Like how exactly Dyuvad had gotten inside a locked van that had managed to keep out a handful of hooligans.

Like how exactly he’d gotten her home without her remembering it.

Like why exactly he kept telling her he was there to keep her and the girls safe, as if he’d somehow known trouble was heading their way before it even arrived.

But try as they might, those questions didn’t do more than buzz around inside her head. Rachel was too numb to voice a single question, too shaky to do more than pass the time between being saved and bedtime with family and chores, and a single thought underlying it all. Being held so close in Dyuvad’s embrace had felt right as rain and somehow like it was the safest place on Earth.

And wasn’t that a thought to give a body pause.

She called a tow truck and let Fate drive her out to meet it. Her van was dinged up good. Those rascals had managed to bend the goat up, break the windshield, and puncture a couple of tires. Rachel didn’t want to know what else they’d done that couldn’t beseen. When the mechanic called with an estimate for repairs was soon enough to learn all that. She retrieved her cellphone from the floor and left the tow truck driver to his job.

Bedtime did roll around, right on schedule, and with it the kind of dread Rachel hadn’t felt in a good, long while. The mere thought of facing an empty bed with Miguel Ramirez’ goons on the loose raised a sick knot in her gut. Dyuvad was right there through a narrow passage in her closet, just like he’d been right there all day long, never letting her or the girls out of his sight for longer than a cat’s breath.

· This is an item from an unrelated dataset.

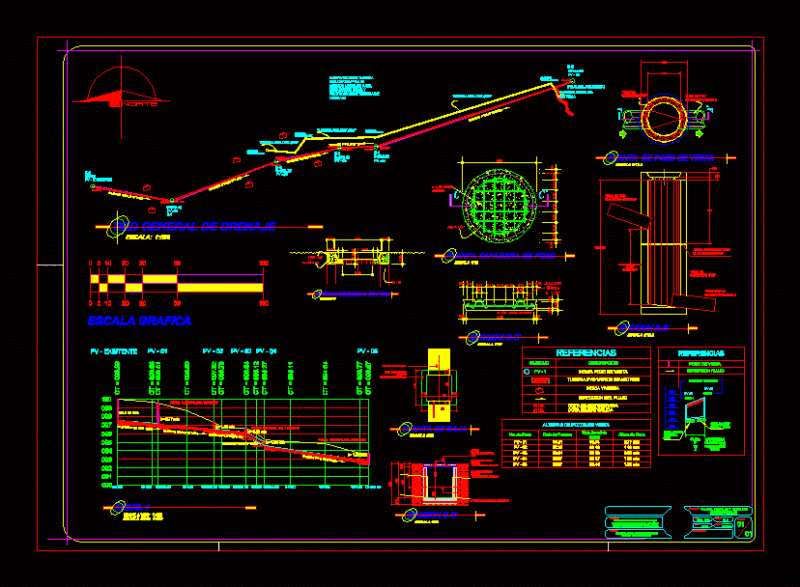 Sewerage System DWG Detail for AutoCAD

Did he really have to be so far away during the night?

She gnawed on it while brushing her teeth. Her skin was still pasty pale underneath her tan, like the fear running thick in her blood. A God fearing woman would rest her worries on the Good Lord and trust in Him.

But maybe trusting in Him meant trusting in the man who seemed to think he’d been sent to Warwoman to protect a woman and her young’uns. Maybe it meant putting her faith in a man who, for the short time he’d been in Rachel’s life, should’ve been a stranger, but wasn’t. Maybe it meant leaning on somebody when she hadn’t had a body to lean on in years, save her own.

Rachel spat into the sink, rinsed out her toothbrush and mouth, then stared at her reflection in the mirror, the too pale skin and the wide green eyes and the tense set of her lips. She didn’t have to believe Dyuvad had been sent by God to know she could trust him. That, she already did. Otherwise, how could she possibly feel safe around him? How could she possibly have allowed him to watch over her girls in her absence if she didn’t trust him?

How could she want him the way she was beginning to, so much that just the thought of inviting him into her bed for a purely innocent reason fired her blood and weakened her limbs?